In response to farmer Dwayne Forrest’s Aug. 13 letter in the Culpeper Star-Exponent, “Landowners have the right to use their property as they wish,” I would like to offer a neighbor’s perspective.
My siblings and I own Greenville farm, inherited in 2016 after our parents, Bill and Adrianne, died three months apart. Our parents were extremely hard-working people and were beloved in the community. They had the highest respect for their neighbors, including Dwayne Forrest, with whom they successfully cooperated for decades.
Over the years, they pioneered farming techniques to minimize the effects of soil erosion. They entered their agriculturally-zoned property into a conservation easement and poured their resources into the restoration of a then- decrepit home.
Dwayne Forrest described us as “landlords, whose primary residences are in Charlottesville and New York.” Speaking for myself, I live and work in Charlottesville so that one day I may return to Greenville full time. I know my siblings feel the same way.
Mr. Forrest also pointed out that our land is in conservation easement and ineligible for solar. We, in fact, own another parcel of about 100 acres eligible for solar. We turned down all advances from out-of-state developers because we believe industrial-scale solar is wrong for our area.
Mr. Forrest states that we live in a free country where landowners can use their property as they wish. While I certainly agree that we are blessed to be free, we live subject to laws, such as zoning regulations, that keep things orderly within our communities.
Presently, no one in our area has the right to put in an industrial-scale solar plant. The land is zoned agricultural. Only with a government-granted variance to current zoning can solar development begin.
Our family knows farming is a tough but rewarding life, and we all do what we must to make it work. We are in complete sympathy with Mr. Forrest for, like him, our land is our primary asset, and we are determined to preserve it.
We have no quarrel with a farmer diversifying his income by putting in a scale-appropriate solar array on his land. However, Cricket Solar LLC’s proposal is not scale-appropriate but rather an industrial solar-power facility. This facility would be strung out across disconnected parcels totaling 1,500 acres.
The proposed project will blight the environment across an agriculturally zoned and historically significant section of Culpeper County.
While solar energy is a benefit to the environment, one must not ignore the larger picture of this situation.
If the Cricket Solar facility is built in its proposed location, mass grading and soil erosion will negatively impact our local area, the Rapidan River and Chesapeake Bay watershed. This is a sobering example that a development of this scale would reach far beyond Mr. Forrest’s property lines.

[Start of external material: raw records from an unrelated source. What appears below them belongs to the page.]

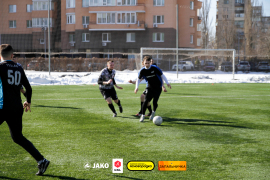 <a href="https://st.getinfootball.com/albums/1100270/69a855cfe43c0_1920.jpg" target="_blank">Завантажити оригінал</a>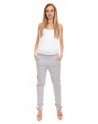  Pantalon femme model 133334 PeeKaBoo 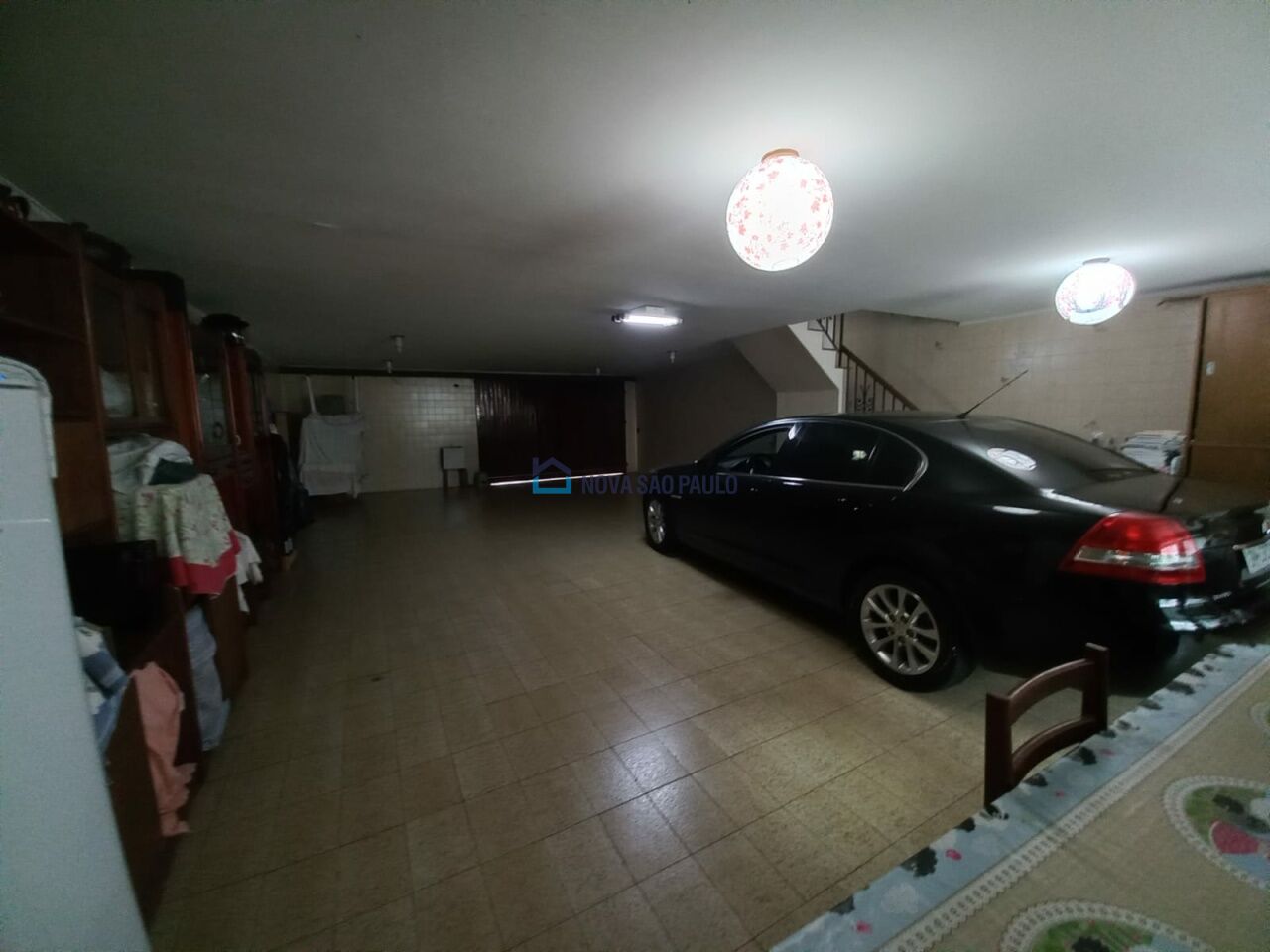 Foto 15 - JA31631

Our entire community and beyond would be living with the impact of industrial solar for decades to come. When a solar-energy facility of this size is constructed in a rural, agricultural setting, we must all ask if we are willing to sacrifice a pristine and unique environment to a government-subsidized industrial complex.
Cricket Solar is asking Culpeper’s elected officials for a special-use permit to use agriculturally zoned land for its industrial purposes. So it falls to our elected officials to determine what is best for the local community and the county as a whole.

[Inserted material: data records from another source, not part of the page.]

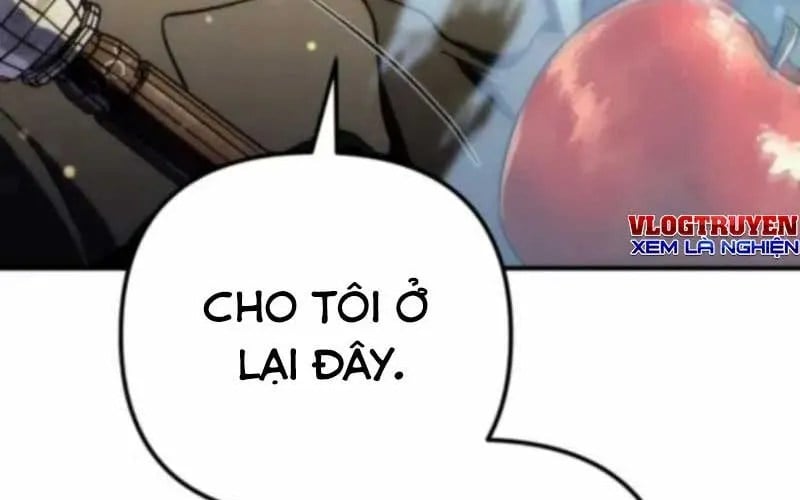 Thần Thịnh Vượng - Chap 12 - Trang 439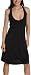 Etnies Juniors' Etnies Womens Cutie Knit Dress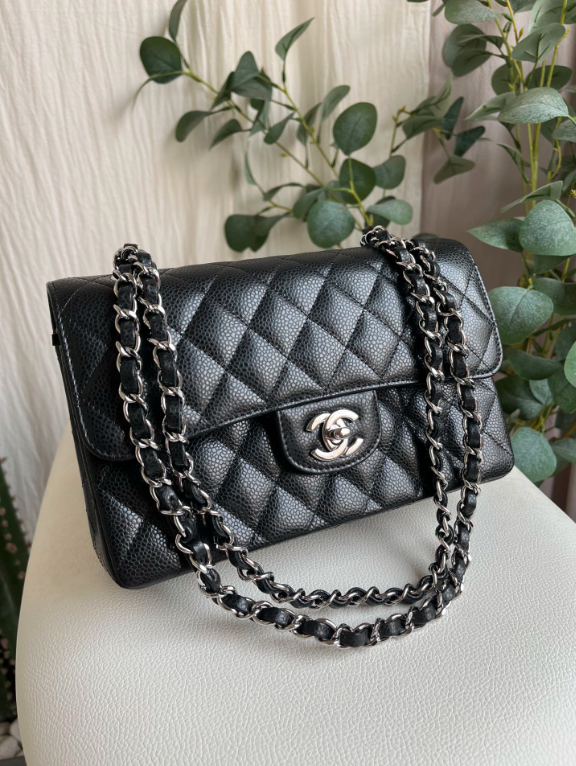 new-designer-premium-bags-nm20767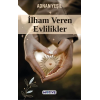 İlham Veren Evlilikler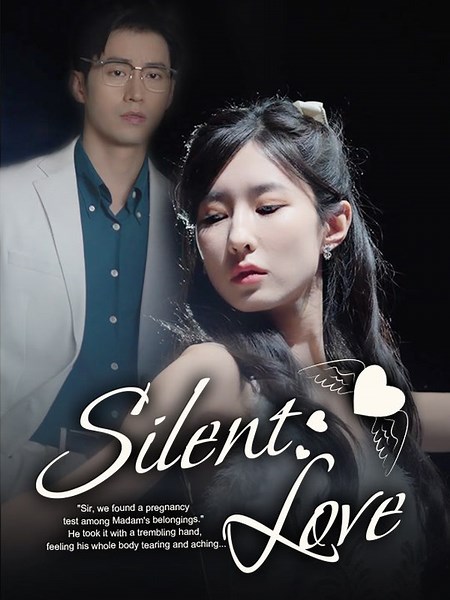 Silent Love | Full Series | Short Drama English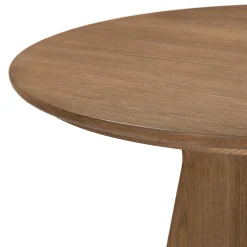 VND6200 Four Hands, LLC Florent Dining Table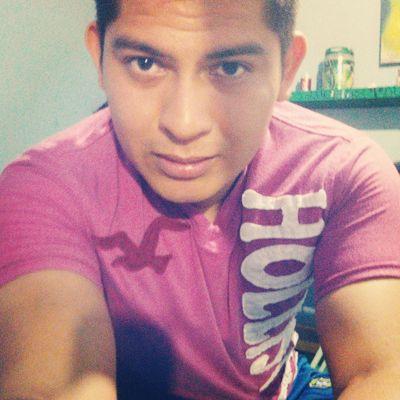 Aspirante EMM. Aspirante Derecho.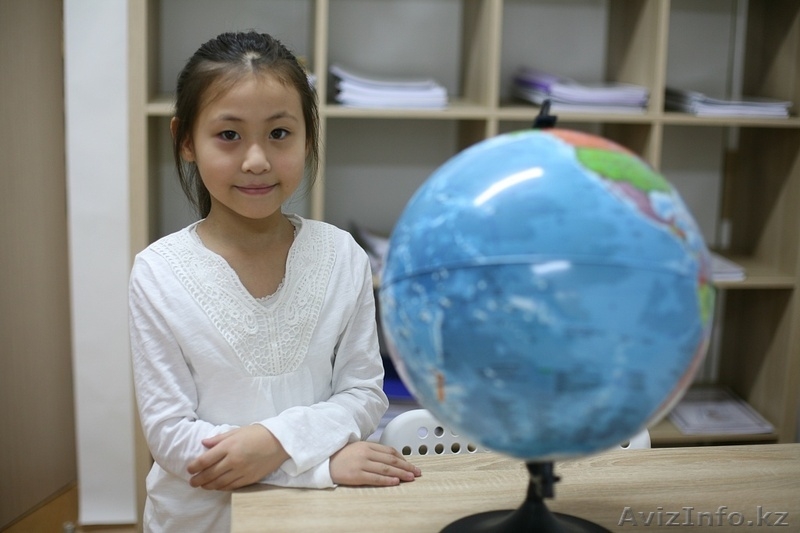 Центр интеллектуального развития «PRIME» в Алматы. - Изображение #5, Объявление #1341531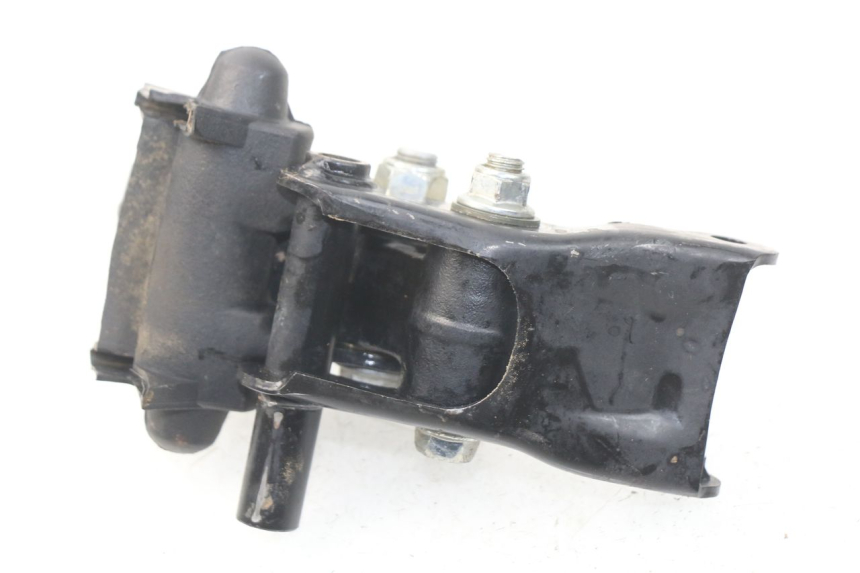 photo de Biella ammortizzatore SUZUKI JR 80 (2001 - 2006)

Although the Planning Commission has looked at the solar issue for some time, environmental issues are now being brought forward which will require diligent study before a well-considered determination can be made.
To put Cricket’s utility-scale solar variance to a Planning Commission vote on Sept. 11 would be premature and a disservice to our community. The prudent course is to spend a while longer considering what is actually best for Raccoon Ford, Culpeper and our fragile environment.
I am sure Cricket Solar would like to see the Board of Supervisors grant the special-use permit and then continue to fine-tune environmental issues. Such a process would be insufficient to safeguard our community’s interests.
As we have seen with the Stevensburg solar project, a special-use permit is an irrevocable green light for development. The time for reflection is now, not later.
My siblings and I support Citizens for Responsible Solar, a group formed by many of the hard-working members from our locality in calling for a moratorium on solar development in Culpeper until the necessary environmental-impact studies can be completed.
We have one opportunity to get this right, or we will be living with the consequences for decades.
William Foshay and his siblings own Greenville, a historic farm in southern Culpeper County in the area where Cricket Solar LLC seeks to build a solar-power facility.